### What the exercise asks
What you give must be the lines from the one containing "Алмаз героя схема" through the last line of the listing below, exactly, with nothing else and no pictures.

◇ ◇ ◇

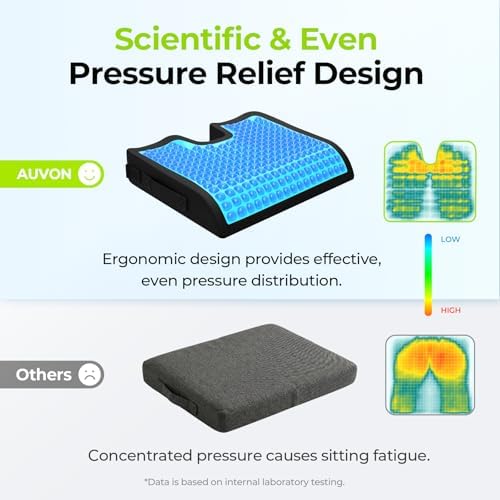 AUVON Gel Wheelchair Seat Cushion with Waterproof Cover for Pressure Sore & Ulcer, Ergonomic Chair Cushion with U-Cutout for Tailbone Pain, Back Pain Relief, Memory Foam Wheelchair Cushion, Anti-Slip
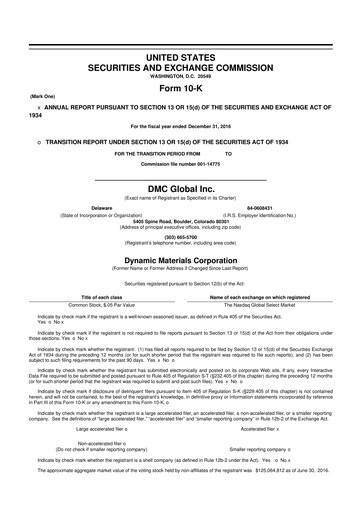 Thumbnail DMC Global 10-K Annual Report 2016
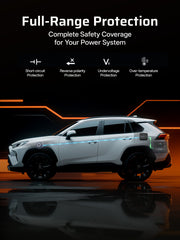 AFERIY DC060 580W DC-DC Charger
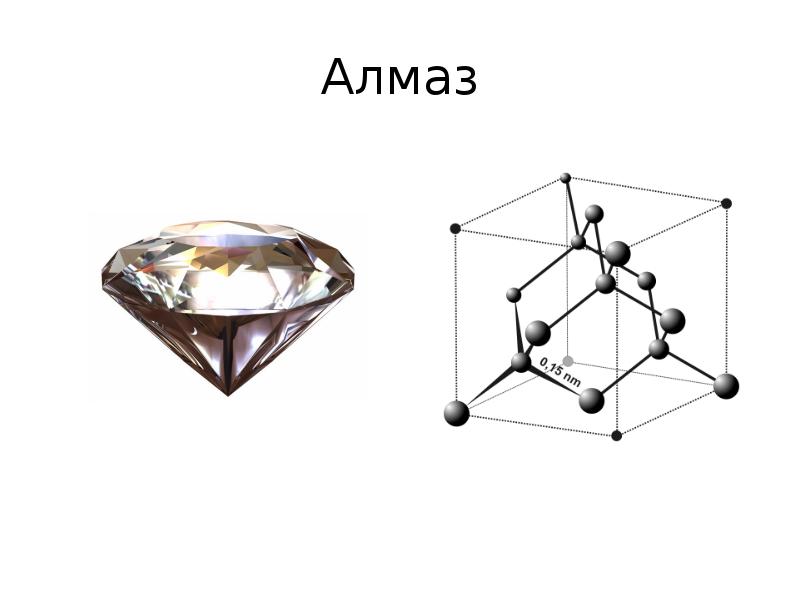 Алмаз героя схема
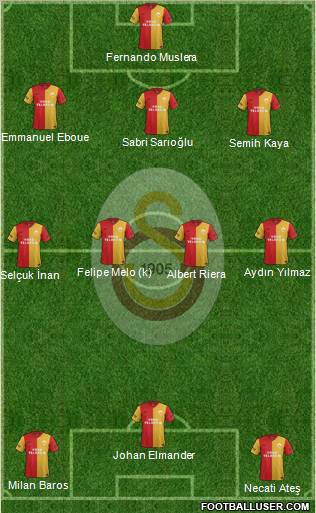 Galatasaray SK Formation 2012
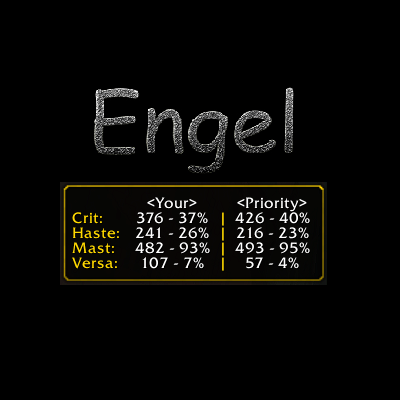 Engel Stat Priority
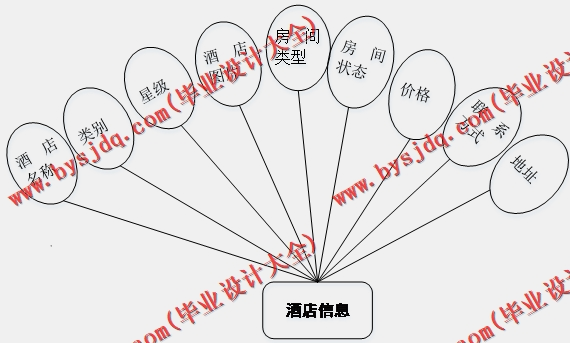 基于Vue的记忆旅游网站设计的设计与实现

◇ ◇ ◇

### Answer to the exercise
 Алмаз героя схема
 Galatasaray SK Formation 2012
 Engel Stat Priority
 基于Vue的记忆旅游网站设计的设计与实现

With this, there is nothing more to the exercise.